Excerpted records: Begin

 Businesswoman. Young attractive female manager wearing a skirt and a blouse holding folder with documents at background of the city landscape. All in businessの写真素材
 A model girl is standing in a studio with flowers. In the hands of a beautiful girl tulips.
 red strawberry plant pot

Excerpted records: End
Excerpted records: Begin

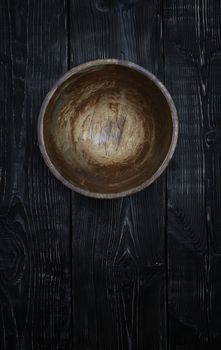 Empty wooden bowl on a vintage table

Excerpted records: End

Requirement:
Your reply should consist of one number: how many lines above contain the word "with".

Task result:
2